The philosphy of Polyface is something to at least think about and maybe strive for, taking local conditions and limitations into account. Other ideas from Polyface make sense to me, such as opening up abbatoirs and slaughter houses to the public so they can see what goes on and how well the animals are treated as they are killed and processed. (Apparently there is one slaughter-house in the US with glass walls precisely to facilitate this...) How many people would bother to go look though?
I've already queued up a related book: "The way we eat: why our food choices matter"
Tuesday, August 08, 2006
Focusing more on the wines than I did in this previous post, I was pleasantly surprised with the Stormhoek wines. Being free, it's hard to know how they did in terms of bang for the buck, but in terms of taste, they were all very pleasant, easy-drinking, and tasy.
My favourite white was the Sauvignon Blanc - light, crisp and slightly grassy with a hint of melon. Others preferred the Pinot Grigio, which was had hints of citus and minerals. The Pinot Grigio seemed a little "thin" to me...

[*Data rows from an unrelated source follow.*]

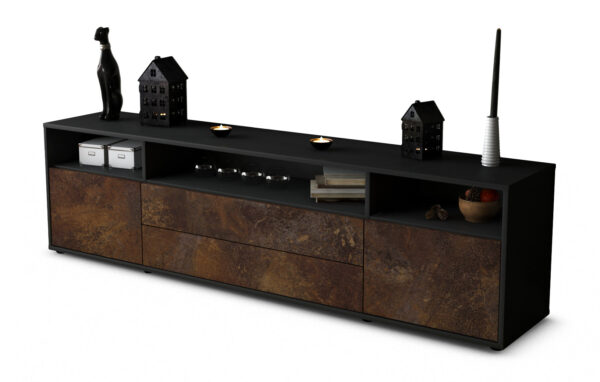Lowboard Biancaneve, Rost (180x49x35cm)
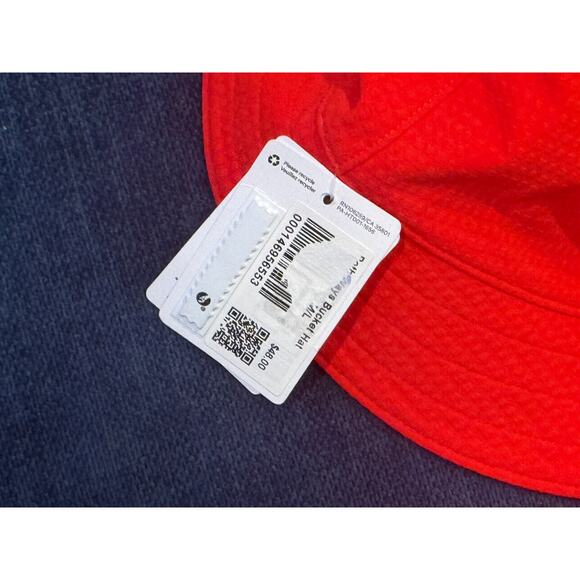 (M/L) $48 NWT Lululemon Both Ways Reversible Bucket Hat Red Hot Heat White - Picture 5 of 7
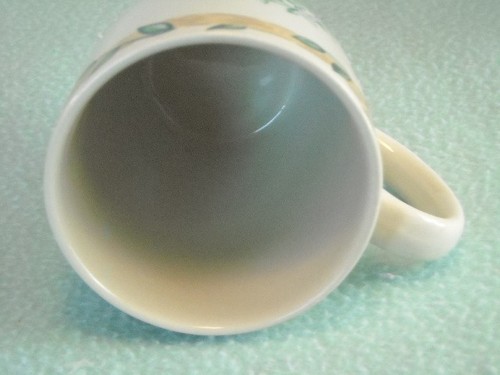 Thompson Keramik Kaffeetasse mit Blumen Schmetterlingsranken - Bild 2 von 6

The Pinotage was really nice - smooth, fine tannins and very fruit-forward. Usually Pinotage is a little harsh (I've only drunk it young), spicy and can be a little "green", although usually in a good way! (Yes, I think it's possible for red wine to be "green" in a good way). The pinotage was almost too fruit-forward for my liking - it became less regognizable as pinotage and tended towards the fruity merlots that abound. Still, I'd happily drink this over most cheap merlots and shirazes.
Overall, I'd give the Stormhoek wines scores in the upper-80's, and definitely buy them if they're in the $10-15 price range. Now to see how much they actually do retail for!
I headed up to Wallingford to explore Bottleworks (a great beer store specializing in Belgian beer), but realized that I'd never been to the wine shop next door. So, I popped in to City Cellars instead, and had a great time. They have regular wine-tastings on Friday (for a small fee), so I was able to try three wines and chat to the owners. They're really friendly and the place had a nice vibe... They also have a "sale" section with 100 wines $10 and under. This selection in general is amazing - they had some South African wines I've not seen elsewhere, and some interesting NZ and Ausie wines, as well as the expected selection of American, French and Italian wines. Defintely worth checking out!
Of course, I picked up some wine:
- 2004 Markowitsch Pinot Noir. This is the first Pinot Noir I've come across from Austria, and is supposedly more like cooler climate (NZ) Pinot Noir which I love.
- 2004 Fairvalley Pinotage, from South Africa. A really cheap ($9) Pinotage. I'm interested to see how this compares to the Stormhoek Pinotage I had recently.
- 2001 Vidal Estate Pinot Noir, from New Zealand's South Island. Another NZ Pinot Noir to try...
I'll let you know how these are after I've tried them :)
Friday, August 04, 2006
While I haven't had time to read it and digest it fully, it looked interesting enough to post. I was talking about the 1976 Paris Wine Tasting with friends last weekend during our tasting party, and the article covers that event (plus others):
But some may say this is natural. Isn't French wine the best in the world? Knowledgeable people haven't believed this myth since the Paris Wine Tasting in 1976, at which time French wines were pitted against California wines, in that tasting, a California red took first place and California Chardonnays won first, third and fourth place in the white wine category. And many other countries around the world similarly produce award-winning wines as well. (Details of the Paris Wine Tasting in 1976 are found below.)
Automaker Henry Ford is reputed to have said that customers could buy any color Ford car they wanted so long as it was black. The attitude of French wine producers similarly seems to be "if we don't produce it, you don't need it." Unfortunately, it's the innocent French consumer who is deprived of choice.